Saya tertarik pernyataan Menteri Agama kepada Banser Ansor, “Kita boleh dicaci, kita boleh dimaki, tapi kita tidak boleh berhenti menabur kebajikan.
Untuk itulah kita menepi dan menyepi. Untuk memaknai lagi jati diri kekatolikan kita. Mungkin saja kita dicibir. Bisa jadi niat baik kita diplintir. Boleh saja kita disindir.
Akan tetapi, apakah kita tetap menabur kebajikan, walaupun kecil dan tidak tampak penting? Atau sudah memudarkah kita?
Selamat menepi dan menyepi untuk kita! Saya berdoa untuk semua yang dekat dengan hati saya. Inilah doa dan juga harapan terbaik saya untuk para sahabat pada Hari Pantang dan Puasa 2022 ini!
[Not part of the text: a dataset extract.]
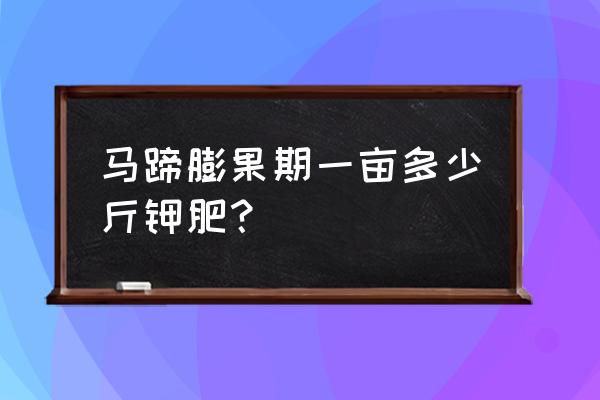 马蹄什么时候打膨大素 马蹄膨果期一亩多少斤钾肥？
Bagi kita, sejenak menepi dan menyepi mengandung makna sangat mendalam, yakni sebagai saat kebangkitan, untuk membaharui toleransi, kebersamaan, kedamaian, dan kerukunan di antara kita dan sesama.
Menepi dan menyepi menjadi cara mendasar untuk pulang ke dalam diri, setelah sejenak menepi dan menyepi selama kita mengembara untuk bertahan hidup.
Saat semua berlari semakin cepat, kita berani menepi dan menyepi… merebut makna hidup yang telah banyak dicuri oleh pudarnya relasi dengan Yang Maha Suci.
Salam sehat dan tak henti berbagi cahaya.